Let’s say I have the following expression:

3 + 7.2

If I were to pass this through a lexer the following tokens would be generated:

{ 'NUMBER', 3 }
{ 'PLUS' } 
{ 'NUMBER', 7.2 }

So each token has a string identifying its type and an optional second parameter representing a value. Operators such as +, -, *, / don’t have values but numbers such as 1.4, 92, and 36 do. Tokens are useful because they give meaning to these different characters. A computer has no way of knowing that + means addition but through a lexer and tokens we can provide that meaning.

Building the Lexer

Lexer class

Let’s get started on creating the actual lexer now that we understand what it does and how it works. Create a module dedicated to your lexer. We’ll use Lua metatables to simulate OOP and create a Lexer “class.”

function Lexer.new(text: string)
    local self = setmetatable({}, {__index = Lexer})

    -- Strip the string of any new line characters & create a position variable
    self.text = string.gsub(text, '\n', '')
    self.position = 0

    -- We'll define this method in a second
    self:next()

    return self
end

The position variable in our lexer represents the current character position as we tokenize the passed text.
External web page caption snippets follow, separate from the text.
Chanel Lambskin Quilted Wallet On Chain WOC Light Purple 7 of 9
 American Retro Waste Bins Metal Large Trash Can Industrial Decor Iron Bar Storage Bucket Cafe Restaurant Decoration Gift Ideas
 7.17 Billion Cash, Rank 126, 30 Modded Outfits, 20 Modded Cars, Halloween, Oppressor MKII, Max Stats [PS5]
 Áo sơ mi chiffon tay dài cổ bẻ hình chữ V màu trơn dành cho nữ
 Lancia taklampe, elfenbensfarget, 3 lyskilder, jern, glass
The :next() method will be used to advance the lexer to the next character in the string.

function Lexer:next()
    -- Prevent the lexer from going over the initial text's length
    if (self.position == string.len(self.text)) then
        self.character = nil
        return
    end

    -- Increase the position variable & set the current character to that position
    self.position += 1
    self.character = string.sub(self.text, self.position, self.position)
end

Great we now have a way to traverse through our string of text. Let’s start tokenizing this string. To do this we need to loop through the string until we reach the end and generate a token for each character until we have a list of tokens.

Preparing to tokenize

Let’s create the :tokenize() method for our lexer.

function Lexer:tokenize()
    local tokens = {}

    -- Loop until the end of the string is reached
    while (self.character ~= nil) do
        -- We'll define this method in a second
        local result = self:resolve(self.character)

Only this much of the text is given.